Jakarta (ANTARA News) - Pengamat ekonomi Universitas Indonesia M. Chatib Basri memperkirakan bahwa inflasi selama 2010 bisa menembus angka 6,0 persen seiring dengan perkiraan meningkatnya perekonomian nasional dalam tahun itu.

"Bisa 6,0 persen termasuk karena adanya kenaikan tarif dasar listrik (TDL), 2 bulan pertama 2010 saja sudah tinggi, tapi tidak akan sampai 7,0 persen," kata Chatib Basri di Jakarta, Kamis.

Menurut dia, tingkat inflasi bisa juga menembus hingga 7,0 persen jika harga berbagai komoditas terutama minyak mengalami kenaikan yang sangat tinggi seperti pada beberapa tahun lalu.

"Tapi saya kira tidak akan mencapai itu, saya cenderung pada perkiraan 6,0 hingga 6,5 persen," kata Chatib.

Mengenai kemungkinan tingkat inflasi sebesar 5,5 persen, ia mengatakan, itu memerlukan kerja yang ekstra keras dan BI harus mampu mengelola ekspektasi masyarakat tanpa menaikkan suku bunga.

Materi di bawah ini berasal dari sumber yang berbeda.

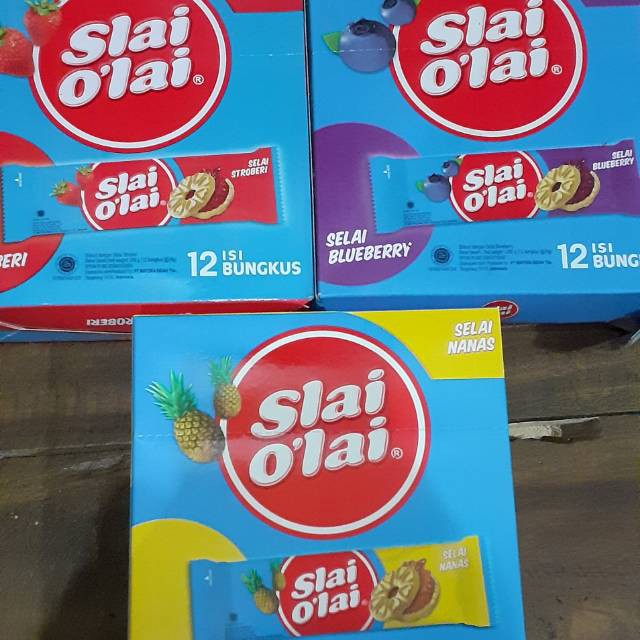 Jual Biskuit slai olay 1 pack isi 12 pcs Indonesia|Shopee Indonesia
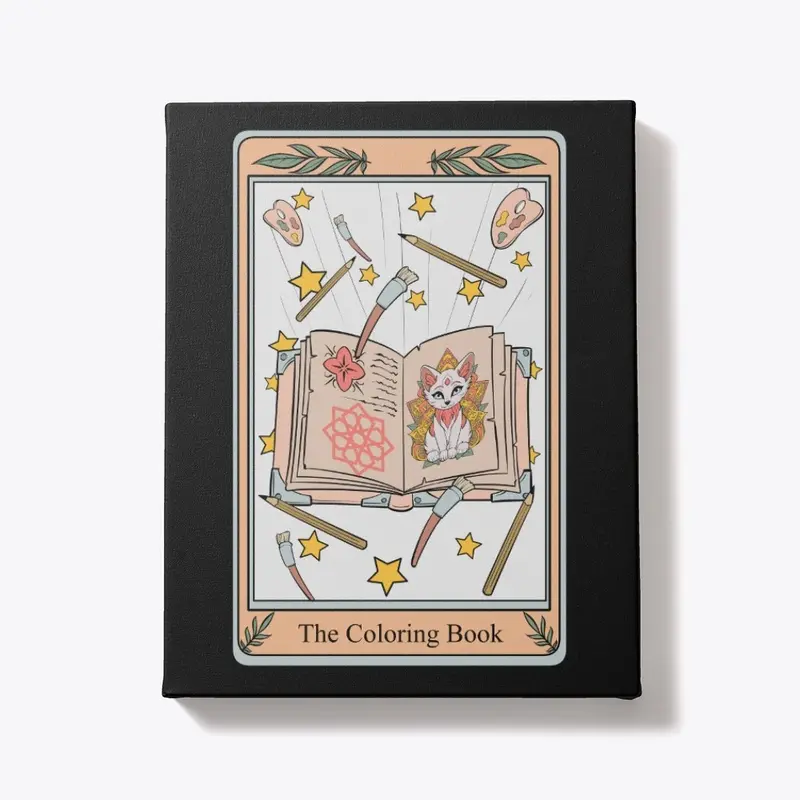 Tarot Card The Coloring book: Hand-Drawn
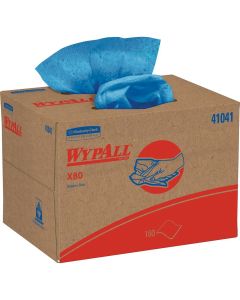 Kimberly Clark WYPALL X80 Blue Wiper Towels (160 Sheets)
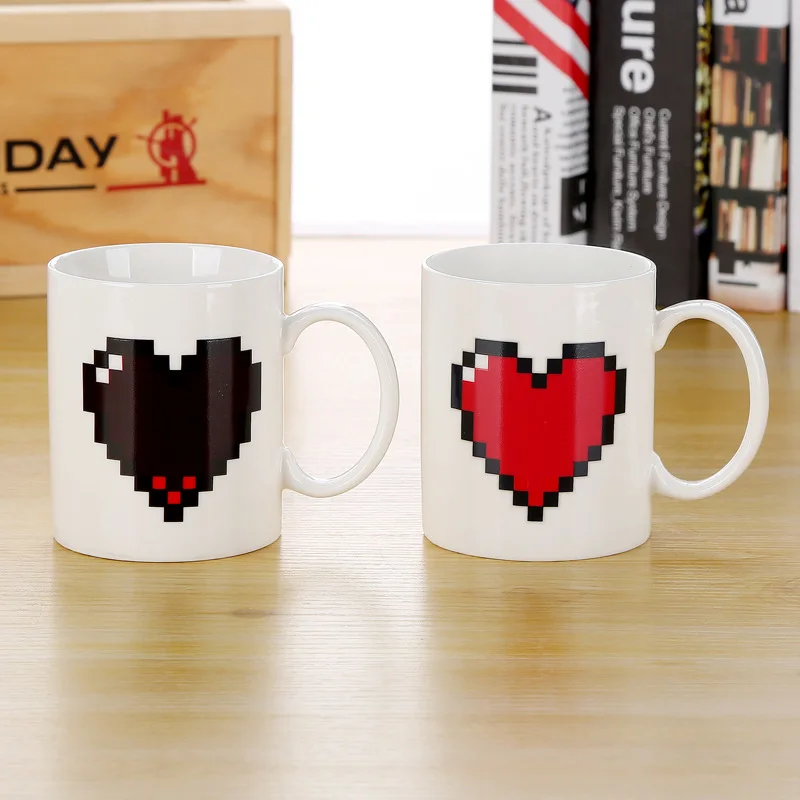 Magic Temperature Color Changing Cup Ceramics Discoloration Coffee Tea Milk Water Heat Sensitive Mug Drinkware Novelty Gifts
Magic Temperature Color Changing Cup Ceramics Discoloration Coffee Tea Milk Water Heat Sensitive Mug Drinkware Novelty Gifts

"Kalau 5,5 persen harus kerja keras, BI juga harus bisa kelola ekspektasi masyarakat tanpa menaikkan suku bunga, dugaa saya BI akan menahan suku bunga," tegasnya.

Menurut dia, peningkatan laju inflasi hingga 6,0 persen bukan merupakan masalah serius yang harus dikhawatirkan karena dalam sejarah inflasi Indonesia biasanya selalu mencapai kisaran 8-9 persen.

Chatib juga menyatakan bahwa salah satu yang bisa menahan laju inflasi adalah adanya apresiasi nilai tukar rupiah terhadap mata uang asing.

"Karena impor dalam dolar, kalau murah kemudian harga di dalam negeri juga lebih rendah sehingga inflasi juga lebih rendah," katanya.

APBN 2010 menetapkan asumsi inflasi selama 2010 sebesar 5,0 persen namun kemudian dalam RAPBNP 2010, pemerintah menaikan asumsi inflasi menjadi 5,7 persen.

Capital Inflow

Sementara itu mengenai adanya perkiraan bahwa capital inflow ke Indonesia akan meningkat dalam beberapa waktu ke depan, Chatib mengakui kemungkinan itu memang bisa terjadi.

"Ada persoalan di Eropa sehingga investor akan mengalihkan investasinya dari sana ke emerging country termasuk Indonesia. Mereka harus tetap menginvestasikan dananya karena kalau tidak akan mengalami kerugian dan pilihannya adalah emerging country seperti Brasil, China, India, atau Indonesia," katanya.

Menurut dia, adanya capital inflow itu yang menyebabkan nilai tukar rupiah dan IHSG mengalami penguatan.

Ketika ditanya mungkinkan mengarahkan capital inflow itu ke sektor riil atau FDI, Chatib mengatakan, sangat jarang investor asing yang baru datang akan langsung menuju sektor riil atau FDI.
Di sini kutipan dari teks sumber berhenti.